Bartell’s concern has to do with how instructive the shows are about eating disorder behaviors. “If you watch ['Starved'], for kids who are tending toward an eating disorder, it teaches them how to do it," she says. "It talks about using laxatives, exercising for hours on end, restricting food, throwing up after eating … it’s kind of like a lesson plan, so to speak.”
In response to a request for comment, the show "Starved" issued the following statement: "Eric Schaeffer, who plays 'Sam' and is also Starved's creator, is no stranger to the show’s themes and subject matter and speaks openly about his own addictions. He believes he’s not alone in battling his food demons. 'While addiction, like life, is often dark and terrifying, recovery comes from mining our true humanity, with all its pathos, hope, love and humor,' says Schaeffer. 'I think everyone — addicts and non-addicts alike — will identify with our characters’ journeys.'"

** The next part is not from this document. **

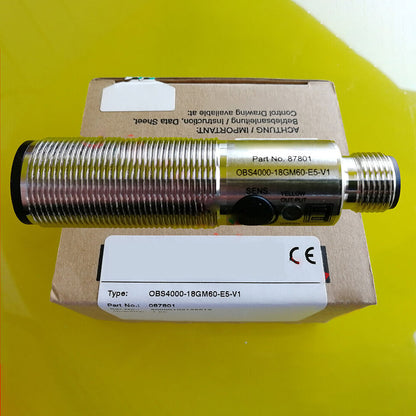new 1PC Pepperl+Fuchs OBS4000-18GM60-E5-V1 Sensor OBS400018GM60E5V1 - PEPPERL+FUCHS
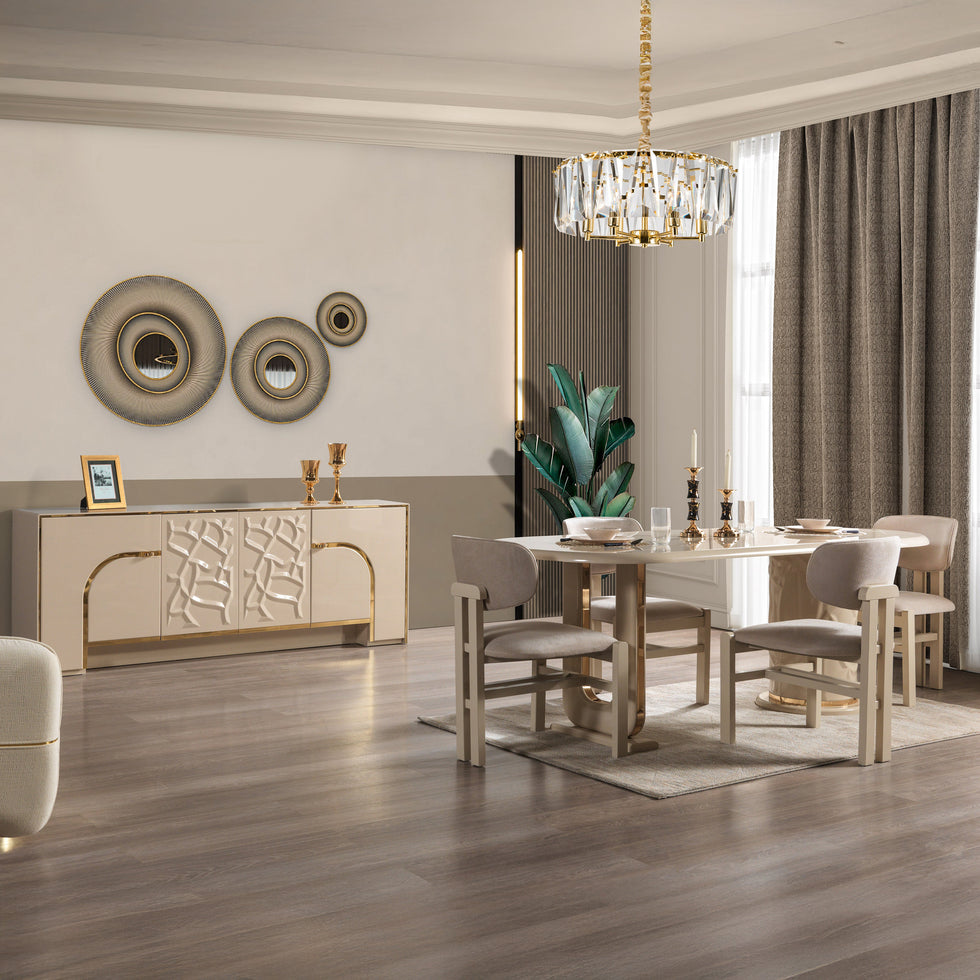 Nova - Helena Ivory Dining Server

In recent months, eating disorder specialists have also warned parents about certain Web sites and blogs called “pro-ana” (pro-anorexic) because users often share tips on how to perpetuate an eating disorder.
Yet Bartell says television is still more troubling.
“TV is so real and accessible for anybody and everybody," she says. "My concern is that a TV show could push someone in the direction of having a disorder. They may start to dabble in the disordered eating. They may not even feel like it’s so dangerous but once they get started they may not be able to stop.”
After the first episode of “Starved” in early August, NEDA immediately issued a release calling the show “tasteless and dangerous” and urging viewers to boycott it and the advertisers. The organization also took a similar stance when “Fat Actress” began airing.
Influence of family, friends
Yet NEDA spokesperson Jessica Weiner, an eating disorder survivor who has authored two books on the subject — “A Very Hungry Girl” and the upcoming “Do I Look Fat In This?” — says we have to be careful where we point the finger of blame.
“The media is a very easy scapegoat,” says Weiner. “But no show taught me how to have an eating disorder. I learned more from friends and from what I saw with my own family members. That’s the more typical route.”
According to Andrew B. Geier, a psychology researcher at the University of Pennsylvania, what we know about weight and eating disorders is, indeed, that kids tend to be influenced by their peers and, most seriously, from the body image problems and disordered eating of their families.
“If you look at parental pressure to lose weight — whether parents are fairly critical of weight and whether there’s a lot of maternal investment in how thin daughters are, there’s definitely a correlation with eating disorders in girls,” says Geier. Mothers of girls with eating disorders, he notes, tend to have a higher incidence of such problems.